Mark Reilly, the British GM of pharmaceutical giant GSK’s China operations had ordered his employees in Beijing to offer bribes to doctors, hospitals and medical institutions to boost sales, the Chinese police alleged Wednesday.
Announcing the findings of a high-profile investigations into the operations of GSK, the police of Changsha city was quoted by the state media as saying: “Reilly allegedly pressed his sales teams to bribe hospitals, doctors, other medical institutions and organisations through various means and gained illegal revenue worth billions.”
Reilly became head of prescription drugs at GSK China in Jan. 2009 and was promoted to general manager of GSK China in Nov. 2012.
Last year, the Chinese police had announced the detention of four Chinese GSK executives in connection with allegations that the drug-maker funnelled up to 3bn Yuan to travel agencies to facilitate bribes to doctors and officials.
In all 46 suspects were investigated about their alleged involvement in corruption and increasing revenue through paying bribes, the police said.
According to the official news agency, Xinhua, Reilly and his colleagues disguised illegal revenue generated in the Chinese market by forging transactions between GSK China and several foreign arms of GSK, making the revenue look like funds used to purchase raw materials in China.
“They made every effort to cover up the illegal practice during regular checks by regulatory authorities.
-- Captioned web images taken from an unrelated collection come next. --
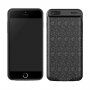 BASEUS стильовий чохол з акумклятором 5000mAh для Apple iPhone 6 / 6S - кремовий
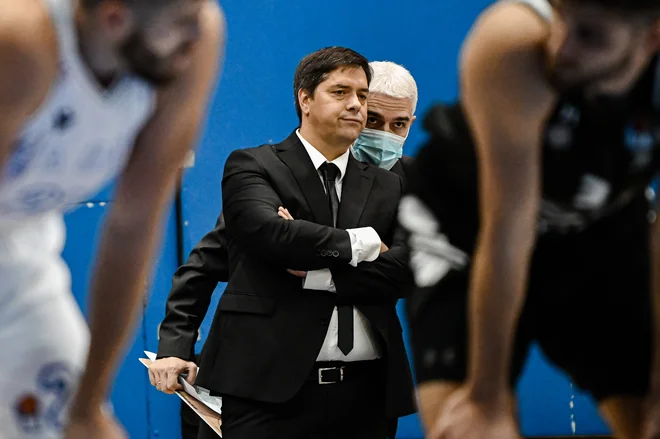 Sašo Filipovski Foto Aba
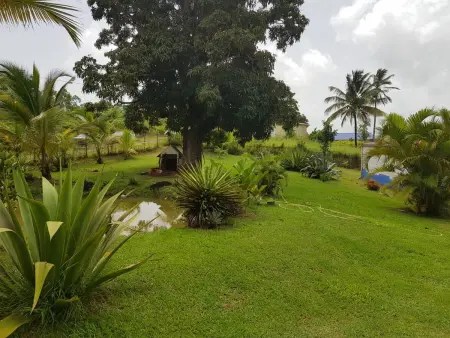 Villa élégante au Diamant avec piscine, Maison 2 personnes à Le Diamant - Photo 1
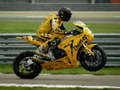 leikur Racing Bike Jigsaw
In terms of sales of prescription drugs and vaccines, police found that all pharmaceutical factories and departments of GSK China nationwide had been involved in commercial bribery,” the Xinhua report said.
Zhang Guowei, a key suspect who was vice president and human resources director of GSK China, told Xinhua that the focus on sales growth led to the bribery.
“The global headquarters imposed high sales growth targets. When Reilly took over the post, the company's strategy shifted from profit-oriented to sales-oriented. The sales target in China was raised every year to compensate the reduction in U.S. and European markets,” Zhang said.